Testimonianza shock. Calci in faccia a Stefano. Il teste chiave racconta il massacro di Cucchi

La testimonianza del carabiniere che incolpa due colleghi del pestaggio

Prima un ceffone in pieno volto e un calcio sulla schiena, poi un terrificante spintone e un altrettanto spaventoso calcio in faccia di cui si ricorda ancora il rumore sinistro. È il racconto di quanto accaduto a Stefano Cucchi, il 30enne geometra romano rimasto vittima nel 2009 per le conseguenze di un pestaggio da parte dei Carabinieri, raccontati da Francesco Tedesco, ovvero uno dei carabinieri imputati nel processo bis.

L’imputato, a distanza di nove anni dai fatti, per la precisione il 9 luglio del 2018, ha deciso di vuotare il sacco raccontando tutto al Procuratore capo Giuseppe Pignatone e al pubblico ministero Giovanni Musarò. E lo ha fatto puntando il dito contro i colleghi Alessio Di Bernardo e Raffaele D’Alessandro, coimputati nel procedimento assieme a Tedesco e altri due colleghi tra cui il maresciallo Roberto Mandolini che all’epoca dei fatti rivestiva il ruolo di comandante interinale della stazione di Roma Appia. I cinque sono accusati, a seconda delle posizioni, di aver falsificato il verbale e di aver dato la colpa dell’aggressione a tre agenti della polizia penitenziaria, processati e già assolti definitivamente.
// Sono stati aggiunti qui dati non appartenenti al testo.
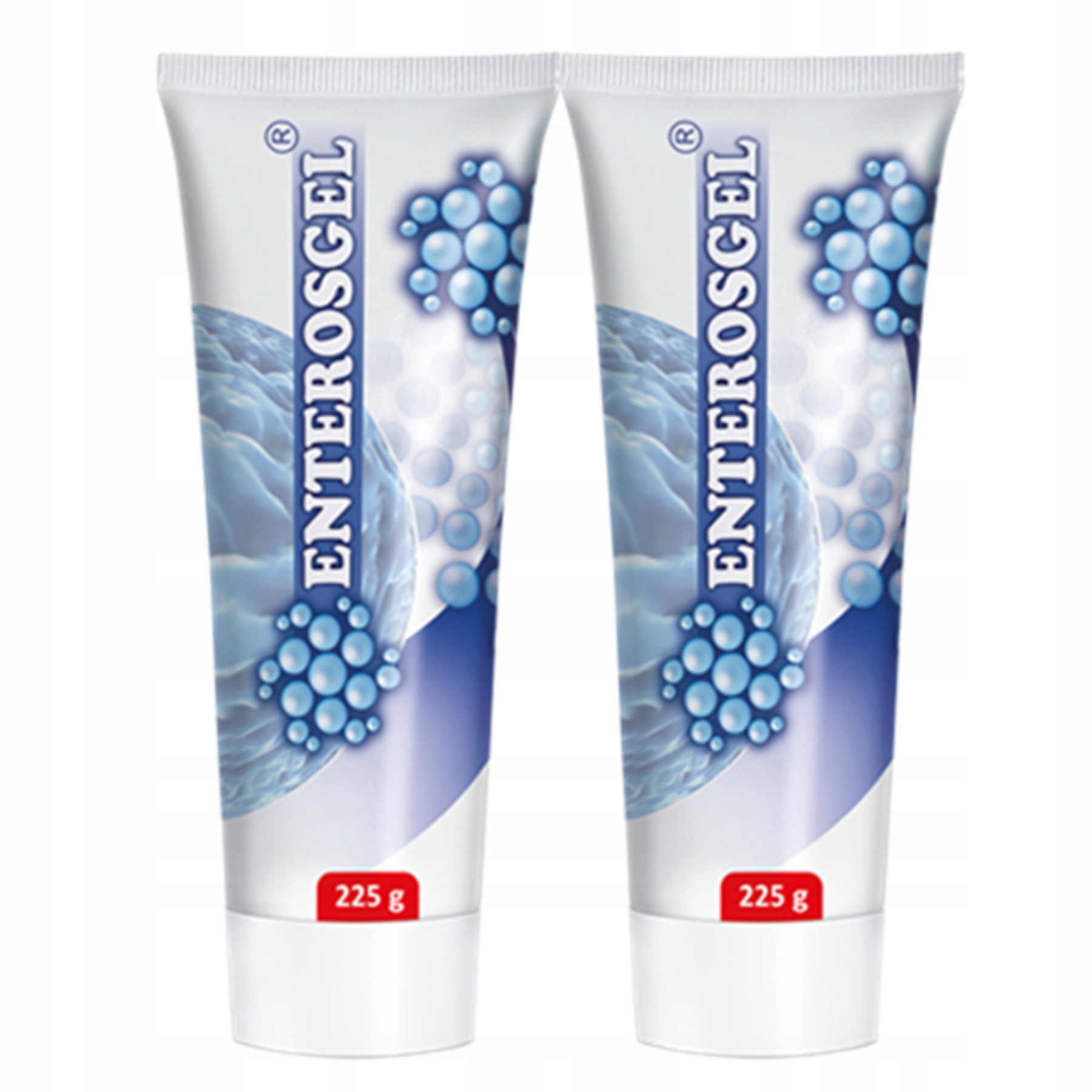 Enterosgel 225g| Wiąże Toksyny W Jelitach Ostra I Przewlekła Biegunka Ibs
Un racconto, quello fatto dal militare, che quasi in presa diretta ha ricostruito prima l’arresto di Cucchi, per questioni di droga, poi l’intero pestaggio consistito in una devastante sequenza di schiaffi, calci e spintoni. Tutto sarebbe avvenuto rapidamente quando il ragazzo veniva trasportato da Tedesco, D’Alessandro e Di Bernardo, in caserma per il foto segnalamento. Un’operazione di routine a cui il geometra voleva sottrarsi e che finiva per scatenare un acceso battibecco con gli accompagnatori. In particolare con Di Bernardo al quale il ragazzo cercava di rifilare un ceffone, senza riuscirci.
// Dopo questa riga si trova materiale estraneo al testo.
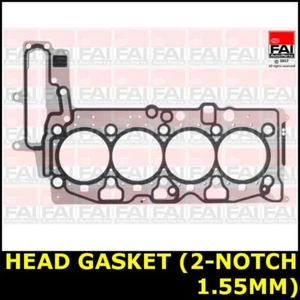 Head Gasket Fits BMW E82 E90 E91 Opt2/2 1.55mm 2.0 118d 316d 320d A7571GH - Picture 1 of 3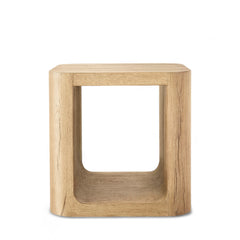 Edmond Square Side Table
IL PESTAGGIO – Un gesto che faceva saltare i nervi al militare che rispondeva con uno schiaffo in pieno volto a Cucchi. Subito dopo interveniva il collega D’Alessandro con un potente calcio, sferrato con la punta del piede. “Un’azione combinata” messa in atto dai due, almeno secondo il racconto del denunciante, che si concludeva con un ulteriore calcio che produceva un orribile suono. Un pestaggio a cui Tedesco si sarebbe opposto prima urlando ai colleghi di fermarsi, poi frapponendosi a loro nel tentativo di proteggere l’arrestato che gli diceva “sto bene, io sono un pugile” ma che appariva fortemente stordito. Ai magistrati, l’uomo ha raccontato molto altro a partire dal fatto che non aveva mai denunciato nulla per paura di ritorsioni da parte di quelli che lui ritiene i veri autori del pestaggio.

Non solo, l’uomo ha anche raccontato dei presunti favoritismi fatti dal Mandolini nei confronti di Di Bernardo e D’Alessandro perché “portano a casa molti arresti” e, soprattutto, la circostanza secondo cui l’allora comandante interinale fosse a conoscenza di quanto accaduto e che, in occasione degli interrogatori sostenuti nel 2009, gli avrebbe suggerito: “Al Pm digli che Cucchi stava bene, e che non è successo niente… capisci a me, poi ci penso io, non ti preoccupare”. Nel frattempo, la Procura ha aperto un nuovo fascicolo per falso con indagati altri Carabinieri tra cui Francesco Di Sano, il militare che scrisse due annotazioni di servizio ritenute sospette dai Pm.